Mobile World Congress 2013 and what it means for Mobile Marketing
13 Mar 2013 | Author: David J.
This year at Mobile World Congress, there was a sense that a new chapter was turned: smartphones penetration had shot past the 50% threshold and tablet penetration has reached 1 in 4 adults in the US. Android and iOS updates, which determine much of nowadays’ user experiences, were challenged by smaller but no less ambitious players, namely RIM, Windows, Ubuntu, and –surprise surprise – Mozilla, which managed to sign up 17 different operators to its Firefox OS. Moreover, countless companies introduced their mobile wallets and payments solutions, and NFC-powered e-ticketing systems. Tons of promising technologies, each with their strengths and drawbacks, as our CEO Mike Wehrs explains in this Mobile Marketer article.
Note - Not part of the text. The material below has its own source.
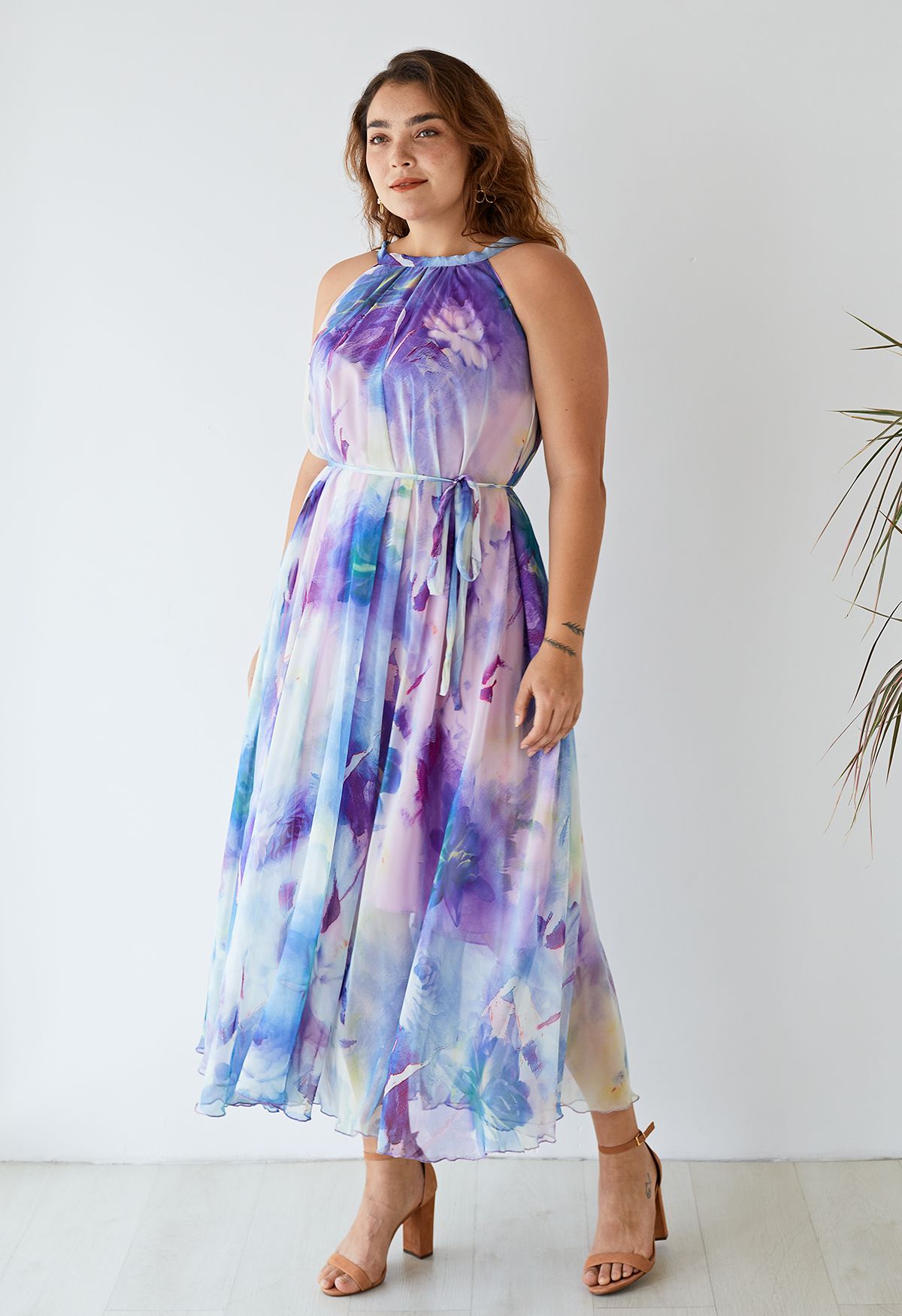 Maxi Vestido de Tirantes con Estampado Violeta Floral Acuarelado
Clearly, the mobile landscape has entered the mass consumption phase: for consumers this means that a world of choices is about to open up to them. For the 72,000 visitors who swarmed the Fira Gran Via in Barcelona, it meant that the stakes were higher than ever.
For marketers however, this is a double-edged sword: on the one hand the majority of people now interact with, and can be reached through their mobile devices. On the other hand, when targeting their audience, they will have to factor in the increasing diversity of behaviours and touch points, underpinned by the multiplication and ubiquity of these mobile technologies.
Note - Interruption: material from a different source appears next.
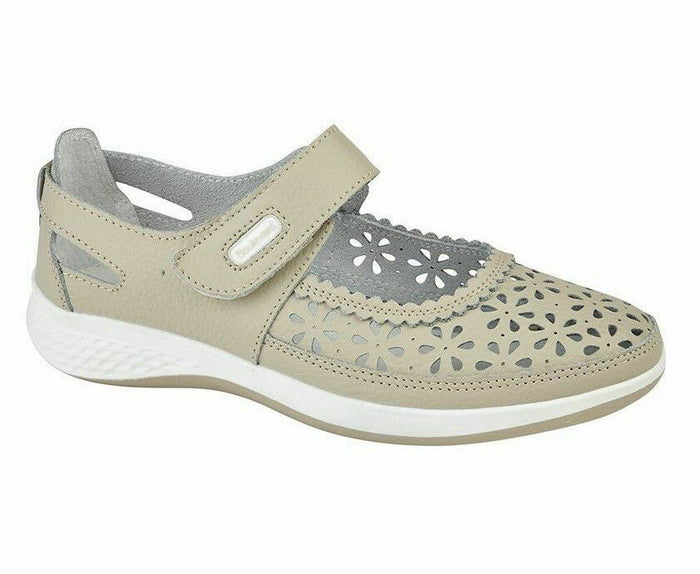 Boulevard L9552BE Beige Womens Wide Fitting EEE Casual Comfort Shoes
In some ways, this mobile technology boom is akin to the television boom of the early 2000s, when the multiplication cable TV channels, each focusing on a theme, meant that marketers could more easily identify and target specific segments. It also meant that they could no longer broadcast an advertisement confident that it would reach a wide audience.
Sure, many of the technologies on display at Mobile World Congress will take months, even years to take on; and many will disappear almost as instantly as they appeared on stage.
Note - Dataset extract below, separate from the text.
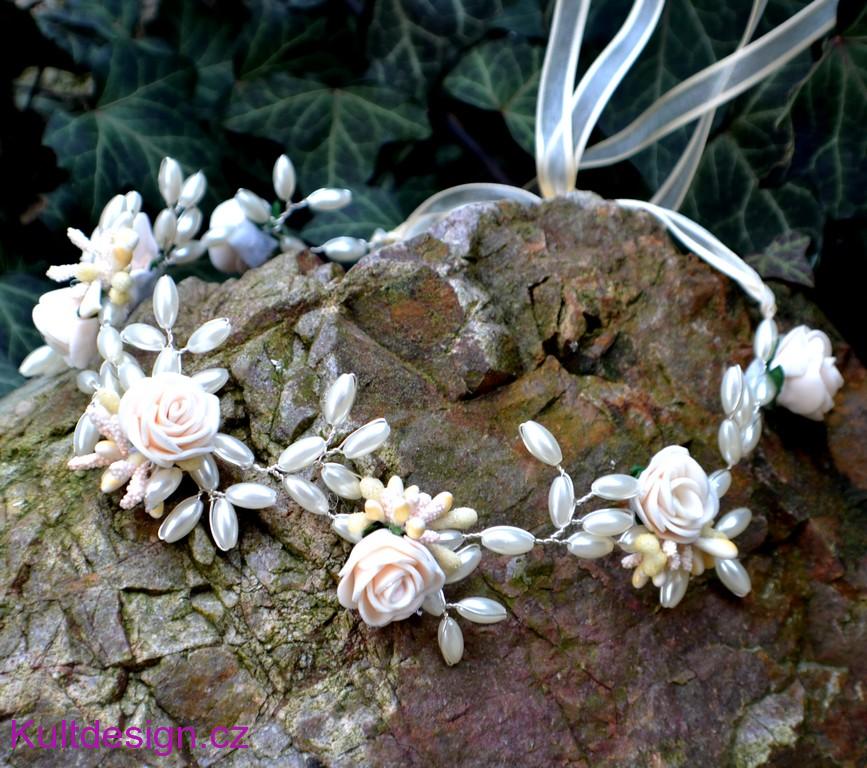 Perličkový věneček s růžičkami ivory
Regardless, mobile as a marketing channel has been propelled from “nice-to-have” to “must-have” grade.
The good news is that when it comes to execution, mobile engagement campaigns follow the same principles (i.e. call-to-action, context based and value-adding content, etc. For a detailed review of mobile engagement principles and best practices, click here) regardless of the technology. We therefore strongly believe that mobile engagement platforms which can process any digital triggers (QR Codes, NFC, images, etc.) allow marketers not to be distracted by continuous shifts in the technology landscape, while preparing them for tomorrow’s challenges.